Comment réduire ses emballages plastiques? C’est la question que beaucoup de consommateurs se posent avec la prise de conscience collective de ces dernières années. Si la plupart des gens ont pris l’habitude d’apporter leurs propres sacs de courses - dont notamment le célèbre Ecosac de Valorlux - ils peuvent aller plus loin grâce au Superbag. Dès aujourd’hui, Valorlux vend, dans une dizaine d’enseignes, son sac à vrac. «L’objectif est de réduire les plastiques à usage unique et changer de façon durable les comportements», a annoncé Adeline Massolin-Toussaint, responsable marketing et communication chez Valorlux, lundi à la Chambre de Commerce lors de sa présentation. «La balle est dans le camp des consommateurs».

Plus léger et plus solide

Fabriqué en Chine en textile PET - un polymère utilisé notamment pour les bouteilles des boissons gazeuses-, le Superbag est «plus léger et plus solide» que les sachets plastiques habituels selon Valorlux. Il affiche une capacité de 4 kg de fruits et légumes et dispose d’une grande étiquette double afin d’y coller les autocollants de pesage. Lavable en machine à 30° C, il est, comme l’Ecosac, échangeable gratuitement en cas de déchirure et recyclable par l’A.s.b.l. Il est vendu au prix de 0,35 euro, une modique somme permise par des subventions. Pour son lancement, il fait l’objet, jusqu’au 30 juin, d’une offre promotionnelle sur base de «deux sacs achetés pour le prix d’un».

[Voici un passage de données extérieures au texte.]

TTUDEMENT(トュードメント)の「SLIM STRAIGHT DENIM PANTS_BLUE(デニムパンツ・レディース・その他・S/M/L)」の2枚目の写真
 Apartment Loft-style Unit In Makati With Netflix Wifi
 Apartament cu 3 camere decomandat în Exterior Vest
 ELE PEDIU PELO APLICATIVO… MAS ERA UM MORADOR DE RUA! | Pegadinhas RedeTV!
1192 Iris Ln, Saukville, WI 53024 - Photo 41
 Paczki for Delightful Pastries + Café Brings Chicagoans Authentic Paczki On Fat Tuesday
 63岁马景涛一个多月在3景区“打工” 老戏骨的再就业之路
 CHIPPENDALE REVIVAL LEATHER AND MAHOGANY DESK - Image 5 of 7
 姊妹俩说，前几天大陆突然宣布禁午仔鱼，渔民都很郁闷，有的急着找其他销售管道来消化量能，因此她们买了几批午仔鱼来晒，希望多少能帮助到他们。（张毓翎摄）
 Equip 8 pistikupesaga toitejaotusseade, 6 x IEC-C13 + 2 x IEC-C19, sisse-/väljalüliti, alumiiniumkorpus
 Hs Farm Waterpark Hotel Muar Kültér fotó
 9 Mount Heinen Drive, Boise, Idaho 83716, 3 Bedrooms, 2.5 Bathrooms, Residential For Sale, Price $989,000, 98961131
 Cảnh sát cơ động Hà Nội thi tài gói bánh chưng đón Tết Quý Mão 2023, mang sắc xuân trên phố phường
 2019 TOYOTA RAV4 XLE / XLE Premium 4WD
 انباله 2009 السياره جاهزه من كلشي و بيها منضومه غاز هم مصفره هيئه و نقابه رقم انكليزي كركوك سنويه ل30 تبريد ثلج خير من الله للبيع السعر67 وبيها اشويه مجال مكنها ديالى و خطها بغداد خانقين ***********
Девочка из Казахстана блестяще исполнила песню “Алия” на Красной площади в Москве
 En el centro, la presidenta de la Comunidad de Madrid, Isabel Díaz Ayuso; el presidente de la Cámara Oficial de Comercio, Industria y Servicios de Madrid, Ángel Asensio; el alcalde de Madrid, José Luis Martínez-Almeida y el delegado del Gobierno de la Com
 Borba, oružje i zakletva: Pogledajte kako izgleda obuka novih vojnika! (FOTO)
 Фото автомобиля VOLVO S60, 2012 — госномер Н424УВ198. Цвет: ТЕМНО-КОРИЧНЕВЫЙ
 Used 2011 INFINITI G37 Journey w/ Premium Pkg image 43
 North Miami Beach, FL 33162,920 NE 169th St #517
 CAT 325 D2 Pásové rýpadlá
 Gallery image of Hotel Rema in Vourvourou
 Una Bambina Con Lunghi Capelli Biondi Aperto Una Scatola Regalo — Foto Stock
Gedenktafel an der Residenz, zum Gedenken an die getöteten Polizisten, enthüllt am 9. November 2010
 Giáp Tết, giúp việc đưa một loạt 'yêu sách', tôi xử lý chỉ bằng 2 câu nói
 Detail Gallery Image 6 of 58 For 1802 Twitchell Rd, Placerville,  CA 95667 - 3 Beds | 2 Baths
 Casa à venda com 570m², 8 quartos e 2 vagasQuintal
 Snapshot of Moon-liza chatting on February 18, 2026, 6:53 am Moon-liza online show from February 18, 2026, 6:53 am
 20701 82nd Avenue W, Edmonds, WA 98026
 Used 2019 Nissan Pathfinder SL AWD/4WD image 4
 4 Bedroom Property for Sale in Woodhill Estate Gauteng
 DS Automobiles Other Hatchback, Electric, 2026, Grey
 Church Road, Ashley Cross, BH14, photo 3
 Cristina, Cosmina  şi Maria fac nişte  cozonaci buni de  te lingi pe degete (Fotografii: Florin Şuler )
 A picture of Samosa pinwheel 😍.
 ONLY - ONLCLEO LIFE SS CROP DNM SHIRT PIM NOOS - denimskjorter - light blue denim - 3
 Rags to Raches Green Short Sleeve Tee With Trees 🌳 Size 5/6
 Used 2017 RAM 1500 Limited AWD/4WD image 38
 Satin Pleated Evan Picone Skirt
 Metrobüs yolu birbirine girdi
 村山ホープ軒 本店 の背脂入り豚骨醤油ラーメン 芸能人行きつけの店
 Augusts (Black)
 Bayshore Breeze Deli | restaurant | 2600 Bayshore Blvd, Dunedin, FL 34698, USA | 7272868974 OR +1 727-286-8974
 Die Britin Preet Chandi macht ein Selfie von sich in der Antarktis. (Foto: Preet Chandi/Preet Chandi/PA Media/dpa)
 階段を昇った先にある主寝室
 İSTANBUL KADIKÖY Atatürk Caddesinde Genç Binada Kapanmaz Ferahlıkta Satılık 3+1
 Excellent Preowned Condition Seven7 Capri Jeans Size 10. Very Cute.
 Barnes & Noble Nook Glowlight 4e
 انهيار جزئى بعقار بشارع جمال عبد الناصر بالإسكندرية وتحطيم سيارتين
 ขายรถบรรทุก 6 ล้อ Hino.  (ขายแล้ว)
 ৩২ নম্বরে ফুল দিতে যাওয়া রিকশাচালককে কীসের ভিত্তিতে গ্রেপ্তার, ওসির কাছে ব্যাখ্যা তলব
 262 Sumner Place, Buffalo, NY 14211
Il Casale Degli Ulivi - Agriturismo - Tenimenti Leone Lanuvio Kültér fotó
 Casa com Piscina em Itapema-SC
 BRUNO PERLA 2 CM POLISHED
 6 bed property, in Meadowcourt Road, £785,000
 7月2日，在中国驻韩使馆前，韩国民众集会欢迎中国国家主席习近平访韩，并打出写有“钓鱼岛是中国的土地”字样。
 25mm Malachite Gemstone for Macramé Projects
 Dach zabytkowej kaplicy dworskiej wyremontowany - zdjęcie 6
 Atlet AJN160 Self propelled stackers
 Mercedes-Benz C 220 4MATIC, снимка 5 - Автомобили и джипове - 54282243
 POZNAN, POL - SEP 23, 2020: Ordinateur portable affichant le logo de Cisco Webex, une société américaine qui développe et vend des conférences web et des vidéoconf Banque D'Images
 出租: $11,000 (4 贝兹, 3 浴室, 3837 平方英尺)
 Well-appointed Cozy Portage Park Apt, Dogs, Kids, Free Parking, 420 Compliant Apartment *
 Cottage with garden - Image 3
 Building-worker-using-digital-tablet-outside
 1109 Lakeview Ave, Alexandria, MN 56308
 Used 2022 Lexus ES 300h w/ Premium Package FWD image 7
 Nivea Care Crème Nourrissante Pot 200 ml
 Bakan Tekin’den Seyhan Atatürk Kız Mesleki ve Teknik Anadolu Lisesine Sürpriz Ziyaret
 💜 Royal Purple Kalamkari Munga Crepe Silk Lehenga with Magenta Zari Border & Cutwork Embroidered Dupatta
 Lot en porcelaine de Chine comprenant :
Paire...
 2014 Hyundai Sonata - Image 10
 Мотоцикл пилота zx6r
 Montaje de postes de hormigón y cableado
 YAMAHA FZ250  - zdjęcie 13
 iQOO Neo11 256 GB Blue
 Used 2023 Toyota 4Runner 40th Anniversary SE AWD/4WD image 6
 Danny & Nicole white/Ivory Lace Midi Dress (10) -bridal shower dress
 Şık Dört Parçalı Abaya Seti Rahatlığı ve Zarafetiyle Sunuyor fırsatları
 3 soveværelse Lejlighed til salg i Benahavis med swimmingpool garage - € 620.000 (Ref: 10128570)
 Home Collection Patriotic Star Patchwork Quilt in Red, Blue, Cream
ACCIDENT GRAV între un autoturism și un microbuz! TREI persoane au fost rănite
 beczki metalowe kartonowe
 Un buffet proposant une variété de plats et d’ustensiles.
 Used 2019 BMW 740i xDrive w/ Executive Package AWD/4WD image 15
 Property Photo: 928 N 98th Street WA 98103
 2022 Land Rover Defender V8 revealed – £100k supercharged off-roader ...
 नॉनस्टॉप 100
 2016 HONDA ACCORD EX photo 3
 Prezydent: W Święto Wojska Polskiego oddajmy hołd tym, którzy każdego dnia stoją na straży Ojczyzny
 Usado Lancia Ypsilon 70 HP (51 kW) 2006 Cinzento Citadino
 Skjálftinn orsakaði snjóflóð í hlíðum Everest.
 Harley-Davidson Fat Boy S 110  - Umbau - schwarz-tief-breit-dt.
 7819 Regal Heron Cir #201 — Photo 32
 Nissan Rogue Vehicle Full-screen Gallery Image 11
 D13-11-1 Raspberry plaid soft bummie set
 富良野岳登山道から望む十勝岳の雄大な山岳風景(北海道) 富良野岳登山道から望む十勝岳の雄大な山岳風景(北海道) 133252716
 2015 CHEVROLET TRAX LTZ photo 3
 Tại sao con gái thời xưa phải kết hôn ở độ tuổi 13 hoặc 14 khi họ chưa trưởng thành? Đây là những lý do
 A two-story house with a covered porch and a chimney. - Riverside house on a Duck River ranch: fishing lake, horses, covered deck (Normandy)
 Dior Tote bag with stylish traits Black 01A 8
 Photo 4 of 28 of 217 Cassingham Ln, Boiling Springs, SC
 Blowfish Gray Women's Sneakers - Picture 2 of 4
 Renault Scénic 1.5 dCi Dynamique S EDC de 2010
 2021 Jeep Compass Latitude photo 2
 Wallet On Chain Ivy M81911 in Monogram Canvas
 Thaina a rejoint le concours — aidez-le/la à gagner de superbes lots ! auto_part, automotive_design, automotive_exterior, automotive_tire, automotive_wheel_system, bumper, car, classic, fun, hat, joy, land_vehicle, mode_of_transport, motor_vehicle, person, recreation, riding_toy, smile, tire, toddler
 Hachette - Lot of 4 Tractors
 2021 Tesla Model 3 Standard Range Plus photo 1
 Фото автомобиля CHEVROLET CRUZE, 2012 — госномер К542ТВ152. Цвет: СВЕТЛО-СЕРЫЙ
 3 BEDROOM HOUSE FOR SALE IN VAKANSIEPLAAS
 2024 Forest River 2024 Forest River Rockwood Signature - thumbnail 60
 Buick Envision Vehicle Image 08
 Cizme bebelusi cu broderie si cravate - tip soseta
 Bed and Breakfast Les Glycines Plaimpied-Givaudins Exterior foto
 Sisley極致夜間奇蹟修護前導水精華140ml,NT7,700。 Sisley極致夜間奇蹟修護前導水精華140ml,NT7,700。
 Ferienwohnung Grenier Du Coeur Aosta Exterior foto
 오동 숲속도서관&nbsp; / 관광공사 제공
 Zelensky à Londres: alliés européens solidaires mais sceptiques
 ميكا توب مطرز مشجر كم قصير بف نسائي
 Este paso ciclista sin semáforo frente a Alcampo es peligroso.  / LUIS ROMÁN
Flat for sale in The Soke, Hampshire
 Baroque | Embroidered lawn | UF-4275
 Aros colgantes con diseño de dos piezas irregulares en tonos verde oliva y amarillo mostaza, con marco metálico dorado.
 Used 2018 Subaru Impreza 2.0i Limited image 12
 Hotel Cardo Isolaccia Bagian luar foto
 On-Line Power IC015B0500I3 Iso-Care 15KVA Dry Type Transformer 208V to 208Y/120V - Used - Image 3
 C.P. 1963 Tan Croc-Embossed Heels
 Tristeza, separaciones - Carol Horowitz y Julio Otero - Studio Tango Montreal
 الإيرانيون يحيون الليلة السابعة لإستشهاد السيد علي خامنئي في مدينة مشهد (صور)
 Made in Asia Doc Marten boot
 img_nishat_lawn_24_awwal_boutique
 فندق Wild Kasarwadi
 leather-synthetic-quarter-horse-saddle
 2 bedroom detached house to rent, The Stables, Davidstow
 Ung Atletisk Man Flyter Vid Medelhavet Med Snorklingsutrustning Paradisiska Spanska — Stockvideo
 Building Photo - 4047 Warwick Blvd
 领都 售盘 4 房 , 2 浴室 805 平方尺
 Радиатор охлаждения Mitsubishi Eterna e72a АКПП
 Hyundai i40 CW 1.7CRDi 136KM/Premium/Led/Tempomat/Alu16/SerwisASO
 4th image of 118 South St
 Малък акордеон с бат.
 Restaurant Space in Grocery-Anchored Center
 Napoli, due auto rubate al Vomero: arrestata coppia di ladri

Si le Superbag suit la même trajectoire que l’Ecosac, le Luxembourg pourrait voir sa consommation de sacs plastique à usage unique réduite de 90%, soit 170 tonnes par an selon Claude Turping, directeur de Valorlux. 500.000 sacs ont été prévus pour le lancement. «Une fois par semaine, les enseignes nous communiqueront les chiffres de consommation pour que nous puissions nous adapter», a-t-il assuré. Pour celles-ci, cette «action commune nationale d’envergure» facilite la mise en place du Superbag.

Naturata et Cactus, qui avaient déjà opté pour les «veggie bags», trouvent cette initiative «plus intéressante». «Elle est apparue comme une évidence», a indiqué Karin Pütz, responsable relations publiques chez Cactus. «Nous sommes fiers de participer. Toute la grande distribution s’est retrouvée à la même table pour trouver une solution ensemble», s’est réjoui Ulrike Vieh, responsable vente et achat chez Naturata. Pour des courses entièrement zéro déchet, il faudra attendre encore un peu. Les achats en vrac et les services «drive», qui ne sont pas concernés par le Superbag, dépendent de l’organisation interne des enseignes. Sauf si à l’avenir le Superbag parvient aussi à les emballer?